A second way to to score a deep discount is to work with a local tour companies. Several such companies in Ushuaia have been authorized to market the unsold inventory of expedition cruise companies. If you’re a bit of a gambler, you can fly to Ushuaia, Chile, walk into one of these tour companies, and book a last-minute walk-on cruise. Although rumors abound that you can arrive in Ushuaia, book a cruise, and sail on the same day, I found that this is not possible. Cruise operators require a day to process passenger paperwork and required health insurance, so last-minute cruises must be booked a minimum of 48-hours in advance.
Another consideration is that hotels in in Ushuaia are limited and often fully booked weeks in advance of cruising season. If no last minute cruises are available during the time you are booked into a hotel, it can be challenging, if not impossible, to extend your stay. In recent years, however, the popularity of Air B&B properties in Ushuaia has provided more flexibility for those willing to take their chances on a last-minute walk-on cruise. But I needed to be on Easter Island by New Year’s Eve, so this was not a viable option for me.
By some fluke, I stumbled on another alternative that would save me thousands of dollars without the need for 100% flexibility. I discovered Freestyle Adventure Travel, one of those local tour companies in Ushuaia that I mentioned above. Freestyle works with eight or nine expedition cruise operators, all of which have vessels that accommodate less than 200 passengers. They market excess inventory from these operators via their Facebook Page and email newsletters. Freestyle is not allowed to disclose the name of the operator in those newsletters or emails, however they can provide specific information if you contact them directly.

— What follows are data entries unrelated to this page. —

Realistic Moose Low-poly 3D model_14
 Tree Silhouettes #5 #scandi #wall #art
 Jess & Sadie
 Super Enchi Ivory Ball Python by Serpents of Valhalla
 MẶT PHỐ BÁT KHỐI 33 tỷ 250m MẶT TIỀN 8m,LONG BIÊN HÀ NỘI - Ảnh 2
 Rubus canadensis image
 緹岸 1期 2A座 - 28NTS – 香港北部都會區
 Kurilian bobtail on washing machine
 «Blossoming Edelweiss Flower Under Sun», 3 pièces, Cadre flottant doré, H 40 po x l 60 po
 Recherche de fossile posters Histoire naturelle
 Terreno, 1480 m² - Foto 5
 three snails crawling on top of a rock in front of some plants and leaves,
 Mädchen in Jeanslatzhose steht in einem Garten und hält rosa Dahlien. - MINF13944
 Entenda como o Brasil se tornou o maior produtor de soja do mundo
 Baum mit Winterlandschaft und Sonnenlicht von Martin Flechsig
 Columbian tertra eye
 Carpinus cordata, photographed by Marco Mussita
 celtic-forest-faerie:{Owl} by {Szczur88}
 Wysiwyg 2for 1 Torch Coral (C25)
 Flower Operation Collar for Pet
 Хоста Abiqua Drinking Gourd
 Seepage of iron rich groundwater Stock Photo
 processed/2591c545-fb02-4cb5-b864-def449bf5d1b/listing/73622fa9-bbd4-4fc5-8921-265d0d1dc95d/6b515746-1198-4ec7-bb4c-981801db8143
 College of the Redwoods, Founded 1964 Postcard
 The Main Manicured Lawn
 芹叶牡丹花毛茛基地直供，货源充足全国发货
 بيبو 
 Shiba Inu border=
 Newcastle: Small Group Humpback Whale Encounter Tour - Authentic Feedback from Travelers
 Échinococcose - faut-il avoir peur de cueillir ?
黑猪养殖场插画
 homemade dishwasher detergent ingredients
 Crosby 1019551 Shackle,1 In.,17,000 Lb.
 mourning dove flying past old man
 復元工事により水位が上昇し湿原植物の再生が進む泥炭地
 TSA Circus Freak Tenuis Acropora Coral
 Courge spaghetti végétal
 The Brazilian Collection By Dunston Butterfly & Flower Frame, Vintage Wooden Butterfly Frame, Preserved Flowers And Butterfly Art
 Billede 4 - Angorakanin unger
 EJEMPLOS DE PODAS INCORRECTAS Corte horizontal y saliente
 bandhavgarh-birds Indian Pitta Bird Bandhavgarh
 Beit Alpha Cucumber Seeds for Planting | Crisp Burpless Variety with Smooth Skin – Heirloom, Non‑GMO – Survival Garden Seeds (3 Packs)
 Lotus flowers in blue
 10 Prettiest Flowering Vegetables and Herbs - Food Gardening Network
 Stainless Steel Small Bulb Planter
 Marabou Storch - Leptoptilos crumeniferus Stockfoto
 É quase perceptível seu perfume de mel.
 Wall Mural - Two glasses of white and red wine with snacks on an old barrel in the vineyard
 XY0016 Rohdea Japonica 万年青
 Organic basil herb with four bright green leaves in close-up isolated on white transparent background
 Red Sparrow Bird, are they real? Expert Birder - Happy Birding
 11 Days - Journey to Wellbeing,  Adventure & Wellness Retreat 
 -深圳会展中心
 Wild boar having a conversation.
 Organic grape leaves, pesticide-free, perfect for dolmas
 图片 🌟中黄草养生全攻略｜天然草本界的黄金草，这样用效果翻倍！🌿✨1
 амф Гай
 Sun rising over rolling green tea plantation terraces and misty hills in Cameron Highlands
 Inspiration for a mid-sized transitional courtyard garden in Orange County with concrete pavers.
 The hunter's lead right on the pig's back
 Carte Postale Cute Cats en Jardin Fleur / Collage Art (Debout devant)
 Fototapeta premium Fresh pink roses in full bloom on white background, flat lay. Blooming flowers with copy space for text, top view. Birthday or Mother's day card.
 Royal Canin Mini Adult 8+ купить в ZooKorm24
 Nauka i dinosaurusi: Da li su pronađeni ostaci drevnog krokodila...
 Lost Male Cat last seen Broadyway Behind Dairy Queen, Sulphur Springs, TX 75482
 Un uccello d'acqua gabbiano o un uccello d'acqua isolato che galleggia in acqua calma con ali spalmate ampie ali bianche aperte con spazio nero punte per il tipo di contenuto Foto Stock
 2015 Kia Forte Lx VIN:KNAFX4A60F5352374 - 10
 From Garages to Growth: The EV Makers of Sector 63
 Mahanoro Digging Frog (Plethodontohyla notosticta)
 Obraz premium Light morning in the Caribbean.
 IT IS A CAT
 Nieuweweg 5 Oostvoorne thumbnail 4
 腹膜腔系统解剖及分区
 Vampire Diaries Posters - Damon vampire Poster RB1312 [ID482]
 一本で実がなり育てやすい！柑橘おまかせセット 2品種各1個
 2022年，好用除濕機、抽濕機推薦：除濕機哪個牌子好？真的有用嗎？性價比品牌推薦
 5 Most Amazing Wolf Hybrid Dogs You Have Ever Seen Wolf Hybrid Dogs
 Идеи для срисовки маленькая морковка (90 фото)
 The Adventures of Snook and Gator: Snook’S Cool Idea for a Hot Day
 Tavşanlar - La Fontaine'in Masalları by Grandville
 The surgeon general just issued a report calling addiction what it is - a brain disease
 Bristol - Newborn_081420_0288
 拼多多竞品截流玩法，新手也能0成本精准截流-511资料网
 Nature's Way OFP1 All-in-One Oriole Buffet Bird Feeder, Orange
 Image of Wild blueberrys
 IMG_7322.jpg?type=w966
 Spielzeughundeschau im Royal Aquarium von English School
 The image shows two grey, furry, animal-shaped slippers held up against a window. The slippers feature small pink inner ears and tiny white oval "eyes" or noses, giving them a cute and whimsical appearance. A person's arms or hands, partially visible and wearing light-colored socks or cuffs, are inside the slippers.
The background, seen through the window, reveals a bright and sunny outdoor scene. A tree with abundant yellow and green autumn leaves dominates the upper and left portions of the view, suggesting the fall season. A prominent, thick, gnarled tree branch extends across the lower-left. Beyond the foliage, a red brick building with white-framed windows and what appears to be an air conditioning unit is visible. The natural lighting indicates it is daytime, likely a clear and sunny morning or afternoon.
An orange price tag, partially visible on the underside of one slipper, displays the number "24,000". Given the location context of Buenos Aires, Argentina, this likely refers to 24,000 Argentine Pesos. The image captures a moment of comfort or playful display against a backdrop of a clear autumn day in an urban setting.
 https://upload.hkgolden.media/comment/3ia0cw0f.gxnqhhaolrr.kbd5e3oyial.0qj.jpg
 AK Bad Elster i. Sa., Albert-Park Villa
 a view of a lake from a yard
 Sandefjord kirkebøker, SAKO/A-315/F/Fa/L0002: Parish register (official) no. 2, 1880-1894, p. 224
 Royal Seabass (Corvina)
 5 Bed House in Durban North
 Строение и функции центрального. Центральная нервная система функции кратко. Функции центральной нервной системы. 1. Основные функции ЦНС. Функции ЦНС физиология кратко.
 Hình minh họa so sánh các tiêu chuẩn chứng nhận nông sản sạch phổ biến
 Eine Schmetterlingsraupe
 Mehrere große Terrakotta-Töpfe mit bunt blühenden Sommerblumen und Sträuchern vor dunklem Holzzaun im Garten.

I signed up for Freestyle’s emails and followed their Facebook Page the moment I found them. For the next few months I heard nothing, but then in March 2019 the offers began flooding my Inbox. I read the fine print and occasionally contacted Freestyle for more information. In every case, I had a reply within a day. No question was too insignificant for them.
In mid-October I received an email from Freestyle announcing a 50% off sale. I was tempted to book a bed in a twin cabin with an obstructed view on a 12-day cruise aboard the 189-passenger Ocean Diamond for $5,848. But since this was a once in a lifetime trip to Antarctica, I decided to splurge. I booked a shared Veranda suite aboard Quark’s 176-passenger World Explorer. The 12-day voyage cost $7,598, including one night pre-cruise accommodation in Ushuaia. I didn’t have to buy waterproof pants and gloves, which are mandatory for the Zodiac trips. Freestyle lends them to all their customers free of charge. I even lucked out on my roommate, who was absolutely delightful.
It’s been a few months since I returned from Antarctica. At the conclusion of the cruise, I was so overwhelmed that I really didn’t know what to think of the experience. In many ways, it was overwhelming. At the very least, I suffered sensory overload. It was hard to wrap my brain around school-bus size whales swimming directly beneath my cabin balcony, or standing on a rocky beach, surrounded by a couple thousand curious penguins. During the ensuing months, the surreal nature of the voyage has faded. Today I focus on how grateful I am to have been able to make this once-in-a-lifetime journey. And how lucky I was to be able to score such a great price with the help of Freestyle Adventure Travel.